Each line starting at the one that contains "Natural Aqeeq Stone" and ending at the one that contains "Abstract Fluid Stretched" must be returned exactly, and the rest of the listing is left out.

→ **Records to process**
☆ ☆ ☆ ☆ ☆ ☆ ☆

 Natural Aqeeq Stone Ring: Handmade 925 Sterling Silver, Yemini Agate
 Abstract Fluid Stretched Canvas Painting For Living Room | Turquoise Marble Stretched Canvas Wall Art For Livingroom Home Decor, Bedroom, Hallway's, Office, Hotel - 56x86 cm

☆ ☆ ☆ ☆ ☆ ☆ ☆

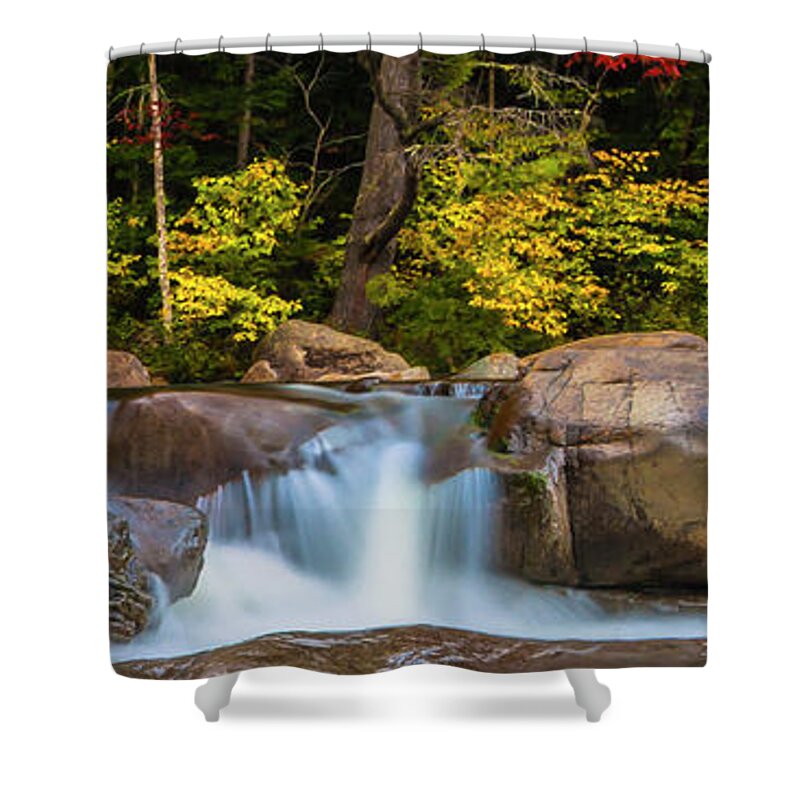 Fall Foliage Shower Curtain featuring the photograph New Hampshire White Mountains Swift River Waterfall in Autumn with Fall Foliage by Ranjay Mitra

☆ ☆ ☆ ☆ ☆ ☆ ☆

→ **Reply**
 Natural Aqeeq Stone Ring: Handmade 925 Sterling Silver, Yemini Agate
 Abstract Fluid Stretched Canvas Painting For Living Room | Turquoise Marble Stretched Canvas Wall Art For Livingroom Home Decor, Bedroom, Hallway's, Office, Hotel - 56x86 cm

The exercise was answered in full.